Terminating the Cycle of Evil
Evil begets evil. It is contagious. Evil tends to infect its recipients with the disease of evil. Like the venom of a poisonous snake, evil contaminates, corrupts and kills.
How did Jesus terminate the cycle of evil that his loveless and insolent creatures launched against him? How did he bring it to a conclusion?
Jesus had access to unlimited divine resources for his defense (Matthew 26:53). Yet, he did not fight back. He did not answer the evil that we did to him in kind. He did not give us a taste of our own medicine. He did not require "an eye for eye, tooth for tooth, hand for hand, foot for foot" (Exodus 21:24)(Matthew 5: 38-48). He did not release the three-headed monster of revenge, retaliation and retribution from the dungeon of his broken heart to devour us.
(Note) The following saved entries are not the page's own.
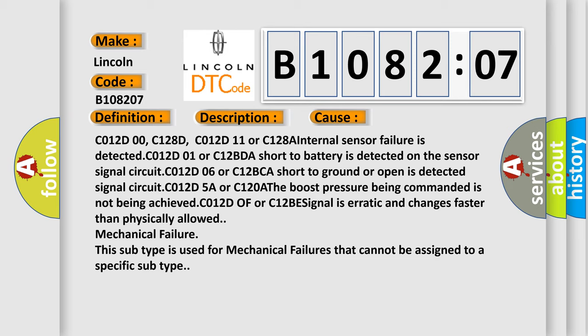C012D00, C128D, C012D11 or C128A internal sensor failure is detected. C012D01 or C12BDA short to battery is detected on signal circuit C012D5A or C120A. The boost pressure being commanded is not being achieved. C012D0F or C12BDA signal is erratic and changes faster than physically allowed. Mechanical failure. This subtype is used for mechanical failures that cannot be assigned to a specific subtype.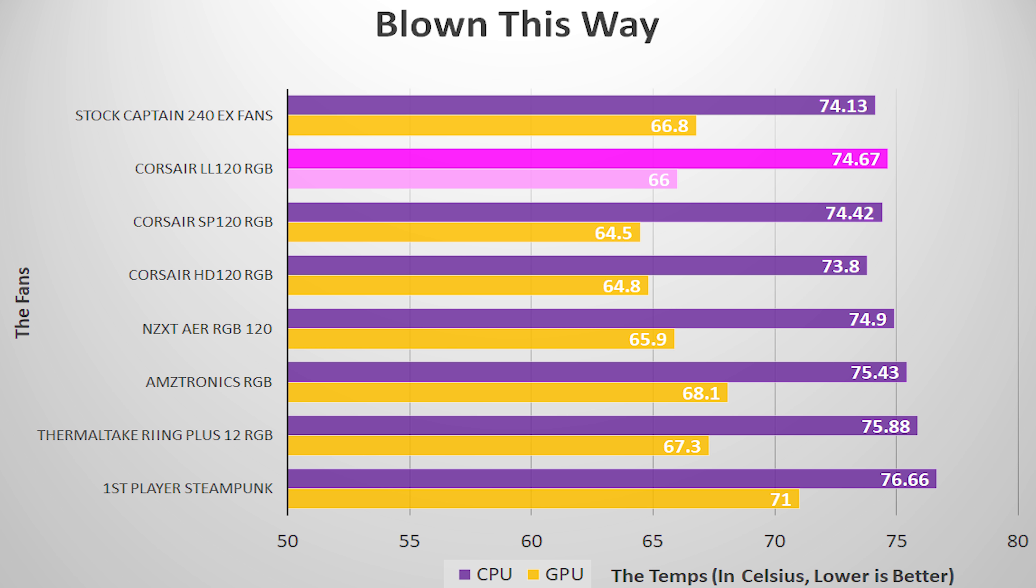This time around they do better at 74.67 and 66 degrees Celsius for CPU and GPU respectively, but not better than Corsair's initial offerings, albeit by a small margin. In terms of sound...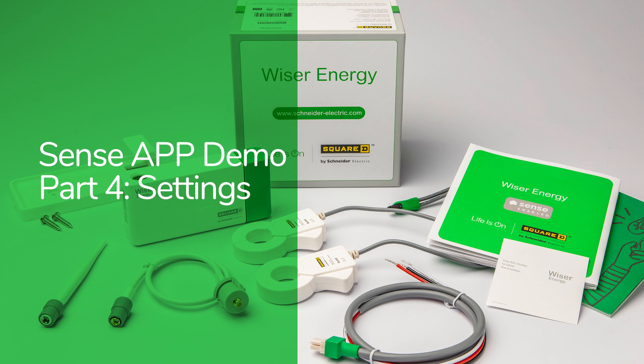This is the last of four videos on how to use the Square D edition of the Sense app for iPhone and Android.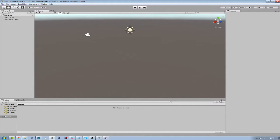Hi, today I will show you how to create a nested custom inspector in Unity.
Instead, Jesus drew and threw. From his toolbox of prodigious love, Jesus drew the monkey wrench of forgiveness and threw it into the gears of evil to bring the cycle of evil to a sudden and screeching halt. His love for us terminated the cycle of evil that we launched against him. Vis-à-vis the machinery of evil, Jesus was a neo-luddite.
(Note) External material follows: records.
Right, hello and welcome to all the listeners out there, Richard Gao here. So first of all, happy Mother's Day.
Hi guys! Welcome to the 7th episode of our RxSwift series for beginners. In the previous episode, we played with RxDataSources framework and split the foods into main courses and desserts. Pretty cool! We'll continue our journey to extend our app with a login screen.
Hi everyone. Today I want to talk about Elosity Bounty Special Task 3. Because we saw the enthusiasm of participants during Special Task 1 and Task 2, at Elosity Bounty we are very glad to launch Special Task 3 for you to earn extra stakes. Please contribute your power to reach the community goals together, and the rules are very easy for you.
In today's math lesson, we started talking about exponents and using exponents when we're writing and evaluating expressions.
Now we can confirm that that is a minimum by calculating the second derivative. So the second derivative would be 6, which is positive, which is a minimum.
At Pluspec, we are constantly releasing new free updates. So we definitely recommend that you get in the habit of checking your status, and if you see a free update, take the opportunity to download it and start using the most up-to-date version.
Jesus exploited the evil that we did to him to reveal to us the prodigious love of God. He turned the evil that we did to him into the foundation from which he launched a revolution in our understanding of God (Viva La Revolution). How? The evil that we did to him allowed Jesus to answer it. And the answer that he gave surprises us. It gobsmacks us. It knocks us off our horse (Acts 9:4). By his answer, Jesus created the strongest force on earth. It gives Christianity its magic, Jesus his charisma, us, our joy and bishops and clergy the power to change the world. His answer creates the need in us to turn aside, like Moses, to see the great sight (Exodus 3:1-3). His answer is the Good News of Great Joy. His answer transubstantiated his bloody wounds into the floodgates of forgiveness (Luke 23:34) (Malachi 3:10). Through them, the sweet syrup of love in the form of forgiveness (Jeremiah 31:31-34) (Luke 23:34) (Matthew 26:28) poured into the Valley of Tears to dilute its toxicity in the same way that sugar cubes dilute the bitterness of a cup of bad coffee. Dilution is God's solution to the problem of evil.
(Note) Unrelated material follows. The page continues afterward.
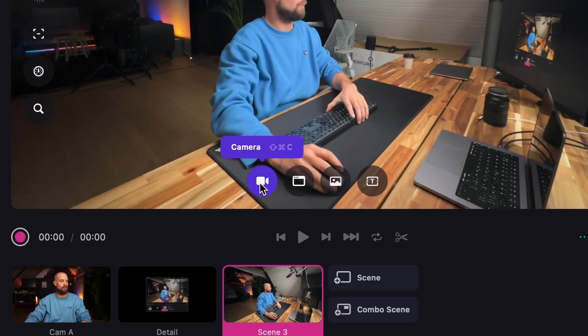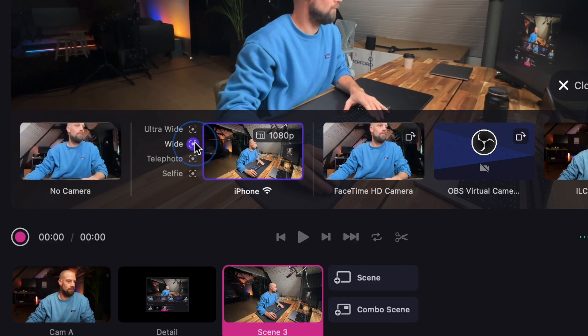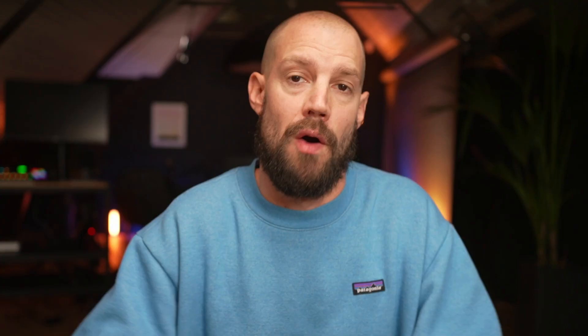After doing so, you can connect your iPhone to Detail almost identical to the Continuity Camera. In the camera drawer, you can now select all of your camera lenses.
The news that Jesus still loves us despite the evil that we did to him is the cataclysmic earthquake that resets the world on a new foundation. It upsets the status quo. It turns the world upside down and inside out. It transforms the old covenant into the new covenant (Jeremiah 31:31-34).
Jesus did not dispatch his army to storm the gates of hell (Matthew 16:18) unarmed. Jesus recruited, trained and equipped his army with a powerful weapon to wage war against his enemies. The bread and wine of forgiveness that Jesus forged in the furnace of affliction (Isaiah 48:10) from the flesh and blood of sacrifice is the battering ram that knocks down the gates of hell (Matthew 16:18) so the prodigious love of God can enter and establish his kingdom (Luke 17:20-21) in our stony hearts (Ezekiel 36:26). Only love depetrifies hearts of stone and fleshifies them. Only love begets love. Only love is the antidote to the venomous bite of evil.
Jesus refused evil’s offer of a demotion. He refused a reduction in his dignity. He made the decision to stay on the level of our loving God instead of descending to the level of the loveless beasts who scavenge for scraps among the ruins of Eden in cutthroat competition with the other loveless beasts. Jesus refused to allow evil to reproduce itself within him (Matthew 5:38-40). Evil did not find a foothold in Jesus. Jesus gave evil no purchase. There was no room for evil to enter the inn of his most Sacred Heart (Luke 2:7). Love had reserved all of the space for itself.
The evil that we did to Jesus did not extinguish the bonfire of love that burns for us in his most Sacred Heart or reduce its intensity by even the slightest degree. The dial that controls his love for us is in his hands not ours. Moreover, it is set to the highest degree and is locked in place. Not even the evil that we did to him could budge it. His love for us survived the evil that we did to him. He emerged from the dead still alive and still in love with us. That he emerged from the dead still alive revealed to us his power. Nobody emerges from the dead. He did. That he emerged from the dead still in love with us, however, revealed to us something more significant about divinity than power. Our conception of divinity as power is incomplete - flawed. Divinity is also love - a mysteriously intransigent, inexplicably persistent and radically stubborn love (Isaiah 55:8-9) (Psalm 8:4-8) (Lamentations 3:22-23) (Jeremiah 31:3).